For a long time, the pharmaceutical industry was not required to prove superior outcomes to generate large surpluses: companies were paid above the amount required to sustain the economic viability of their product portfolio. Today, severe pressure on healthcare budgets means payers can no longer provide huge sums each year for products that, in many cases, do not even have curative value.
Most rare diseases still have no labelled treatments. In this field, off-label use is the rule rather than the exception. Several hundreds of rare diseases currently being treated with questionable effectiveness. However, the possibility of getting approval for multiple indications offers the potential to turn these “niche” products into the blockbusters of the future. This is partly why big pharma is turning to orphan markets by acquiring patent rights from much smaller biotechs and setting up dedicated teams to undertake their further development.
The specific features of orphan drugs, such as unique positioning and limited outcome competition, have long granted them an exceptional status in payers’ minds. Low patient numbers and the absence of alternative treatments mean that orphan drugs have not been on their main focus, despite concerns about their cost-effectiveness. However, with increasing cost pressure as more expensive drugs arrive on markets, combined with payers’ budget restrictions, this is no longer the case. With constant pressure for healthcare payers to reduce their pharmaceutical budgets, it is doubtful whether these niche markets will remain “safe havens” for the industry. Indeed, governments are scrutinising the rare diseases/exceptional drugs component of their national budgets, realising that while the budget impact of treating a single individual is negligible for the healthcare system as a whole, figures quickly add up.
Reviewing cost-effectiveness of orphan drugs poses serious difficulties both to payers and the industry. In the current situation, methodological and statistical hurdles are such that everybody admits the impossibility of achieving the same quality of cost-effectiveness assessments as with other types of drugs. Because cost-effectiveness studies consider the extra (incremental) benefit of a drug compared to treatments currently used, provided they exist, they need to have good data on the existing situation. Yet orphan diseases are, by definition, so rare that baseline data necessary to conduct a study is simply not available. This is the rationale for better coordination on data collection, an effort promoted by inter-governmental organisations and supported by rare disease patient forums such as Eurordis. Indeed, it is in the interest of the industry to encourage the development of transnational cooperation in order to increase the statistical power of rare disease studies.
In the short term, companies need to optimise their pricing strategies by taking into account payers’ budget constraints and conducting cost-effectiveness studies with larger data sets and new pharmacogenomic tools. In other words, they will have to prove that their new technologies can produce real outcome improvements. While evidence may be a challenge, those that can produce sound data will already have a competitive advantage.

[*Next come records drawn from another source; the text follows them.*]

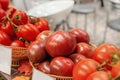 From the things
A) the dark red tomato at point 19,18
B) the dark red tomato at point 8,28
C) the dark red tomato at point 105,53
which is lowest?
the dark red tomato at point 105,53

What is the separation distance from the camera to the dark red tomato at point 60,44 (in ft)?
2.93

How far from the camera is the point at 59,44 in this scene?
0.90 m

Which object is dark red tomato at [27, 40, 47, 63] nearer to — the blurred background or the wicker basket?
the wicker basket

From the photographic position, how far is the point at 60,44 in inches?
35.3

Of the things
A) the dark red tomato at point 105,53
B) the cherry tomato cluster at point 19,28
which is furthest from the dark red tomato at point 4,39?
the dark red tomato at point 105,53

In the long term, companies will have to adapt to each payer’s specific concerns with made-tomeasure market access strategies at all levels: national, local and even provider level. They should be more conscious of future changes in overall healthcare funding mechanisms. Evidence of this can already be seen in the emergence of so-called “risk sharing schemes” for very expensive drugs, which are the result of negotiation between the payer and the pharmaceutical company on who bears the risk of the technology not achieving its goal (the ‘no cure, no pay’ principle). However, though the adoption of such schemes is spreading in cancer treatments, it remains to be seen whether they are sustainable for rare diseases. Indeed, the cost-effectiveness gains achieved by both parties sharing the risk might well be outweighed by the very high per capita administrative costs associated with the follow-up of the patients involved.

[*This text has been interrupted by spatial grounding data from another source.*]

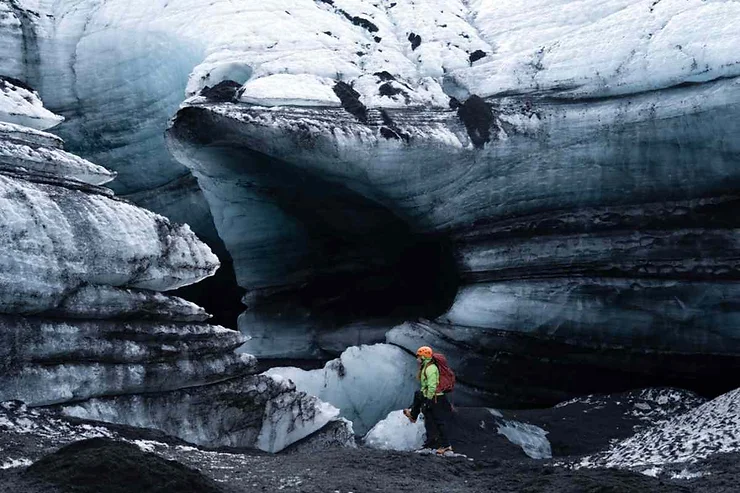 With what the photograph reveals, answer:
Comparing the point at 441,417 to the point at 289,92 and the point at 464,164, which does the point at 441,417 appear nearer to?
the point at 464,164

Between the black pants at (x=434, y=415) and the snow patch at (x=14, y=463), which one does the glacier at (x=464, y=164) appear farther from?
the snow patch at (x=14, y=463)

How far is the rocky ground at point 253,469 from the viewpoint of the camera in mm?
4578

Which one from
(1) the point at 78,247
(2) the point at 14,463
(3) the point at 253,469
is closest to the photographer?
(2) the point at 14,463

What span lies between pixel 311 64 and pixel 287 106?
118 cm

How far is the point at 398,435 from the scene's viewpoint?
785cm

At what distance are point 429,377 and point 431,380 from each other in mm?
35

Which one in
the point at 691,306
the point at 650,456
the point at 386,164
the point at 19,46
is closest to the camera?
the point at 650,456

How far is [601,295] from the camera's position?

With payers more conscious of costs of rare diseases and big pharma’s growing interest in niche markets, the era of large product surpluses is likely to end. To succeed, approval from the regulatory authorities is no longer enough; pharmaceutical companies will increasingly need to convince payers of the cost-effectiveness of their products. This implies shifting resources from traditional commercial teams to pinpointing subgroups of patients and providers, investing in data collection and cost-effectiveness expertise and being more aware of payers’ constraints.